Measuring Federalism

Modern federalism, as it is practiced in U.S. courts, depends heavily on untested empirical propositions.  For instance, as everyone knows, the Supreme Court has swung back and forth a few times on whether states need some kind of judicial protection to preserve their policy autonomy, or whether instead the political process is good enough.  Similarly, the Court seems to lean more and more towards Justice Thomas' view that courts should not enforce the "dormant" commerce clause, and should leave protection of the national open market to Congress, apparently on the assumption that Congress would do a better job. 

These assumptions are testable, but until now no one has tested them.  I have.   And I find that political self-interest seems to outweigh the influence of states at least in situations when the choice between the two is presented most starkly: when Congress is deciding whether to grant a break from state taxation to a special-interest group. 

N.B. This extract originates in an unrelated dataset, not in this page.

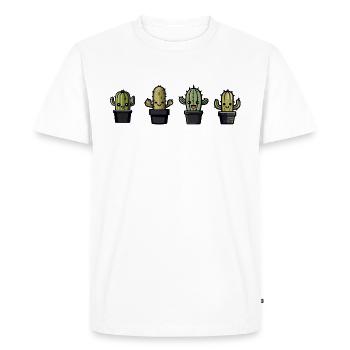 Drôle de cactus TShirt - T-shirt Premium bio Homme - blanc - Devant - Nico (187cm)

I started the study intending just to test the Justice Thomas argument (also presented in the academic liteature by folks like Marty Redish, David Super, and Ed Zelinsky): that Congress can be trusted to oversee state taxing power, and so the courts should just get out of the way.  This seemed implausible to me for two reasons: 1.  granting a *state* tax cut is costless (absent some state lobbying influence) for federal officials, and so we should expect that the feds will not fully internalize the costs of the cuts; and 2. to the extent Congress believes that there is "vertical tax competition" -- that is, if it's harder for the feds to tax if state taxes are already high -- then reducing state taxes actually benefits Congress even if there are no other rents to be earned. 

I then realized that in essence what I was looking at was an unfunded mandate.  In both "commandeering" and federal control of state taxation, the federal official can obtain political rents from a constituency without incurring any budget costs for herself.  (Many forms of preemption also have a similar political-economy dynamic, as rick h. has described).  So if I could test the tax theory, I could also test theories about whether the "political safeguards of federalism" work against commandeering and other actions that look like it. 

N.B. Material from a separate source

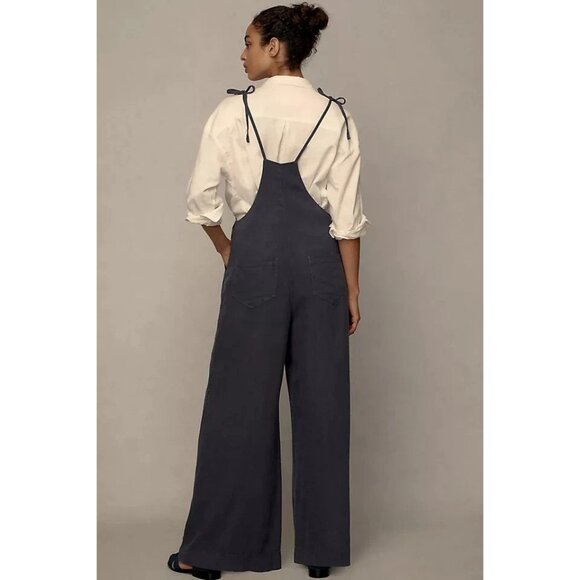 By Anthropologie Linen Wide-Leg Overalls Denim Jumpsuit Solid S - Picture 4 of 5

So what I did was find, read, and then (wtih some help from my RA's) code every federal statute Congress has ever enacted affecting state taxing power.  This took a while.  Like, two years.  Then I gathered data for some controls.  When I was done, I regressed the changes in state taxing authority on a variety of factors, including a variable indicating whether a concentrated political group stood to benefit, and another one indicating whether the state tax in question fell on an indian tribe or its property. 

Both of these, I found, were strongly statistically significant.  Conditional on enactment, if a state tax affected a special interest, congress was a lot more likely to restrict that tax.  And, if the state tax affected an indian tribe, congress was more likely to *expand* the state's authority.  There are a few stories one can tell about that, but I argue this supports my "vertical tax competition" argument: indian tribes are exempt from federal tax (arguably by the terms of the Constitution itself), and so they represent one of the few sources of income over which states and the feds do not compete.  And whaddya know?  Congress is a lot more generous when states try to tax tribes.

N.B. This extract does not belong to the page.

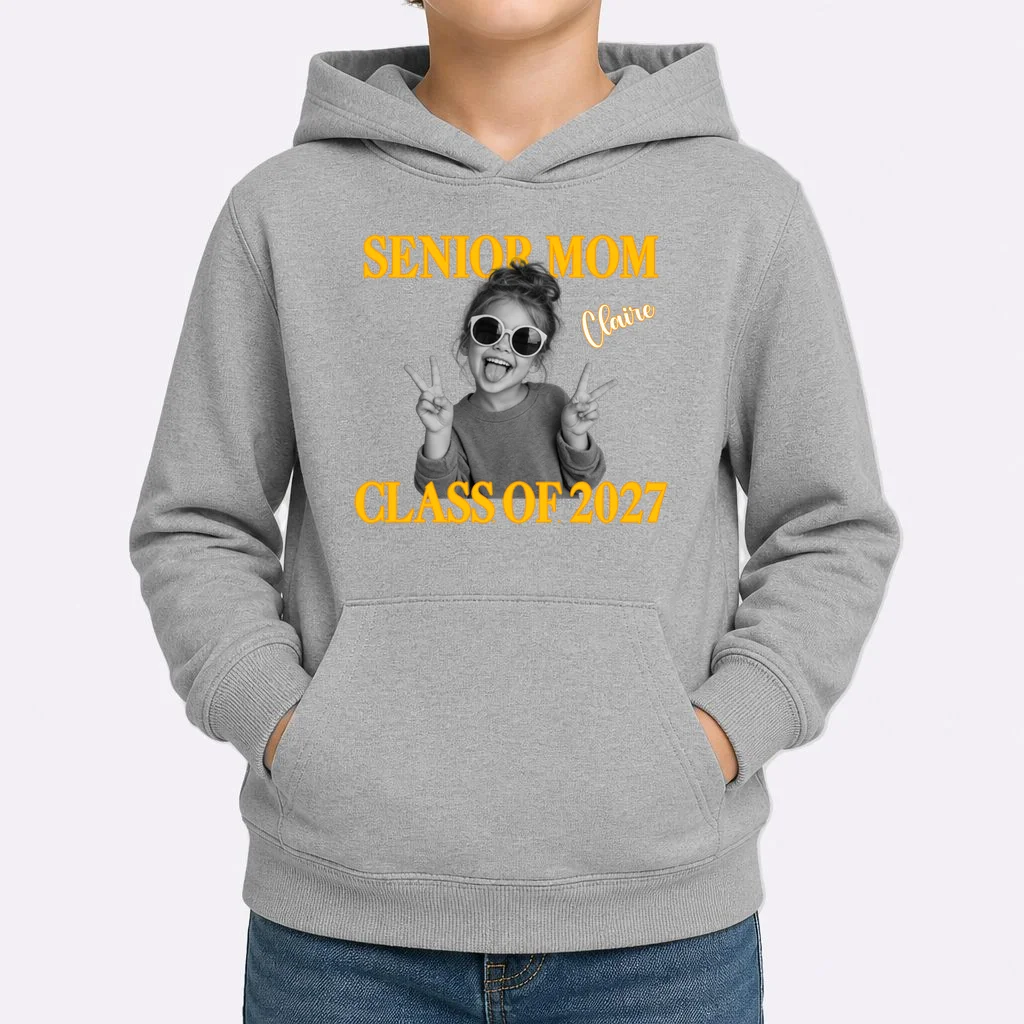 Senior Mom & Dad Personalized Photo Custom Gift - Class of 2027 Graduation Parent Design Kids Hoodie - Front 1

Interpreting these findings is complicated, and there's an extensive discussion of that in the paper.  Even if you totally buy my findings, it still doesn't necessarily follow that the "political safeguards" theory is wrong as a general matter -- I look at only a tiny sliver of all federalism-related legislation.  And even as it pertains to commandeering, all I show is that the safeguards don't work -- there are certainly arguments that that isn't necessarily a bad thing (arguments with which I largely agree).  But I think it's helpful to move on to those arguments, rather than simply slinging dueling empirical assumptions past one another. 

Comments, questions, and suggestions are very welcome. 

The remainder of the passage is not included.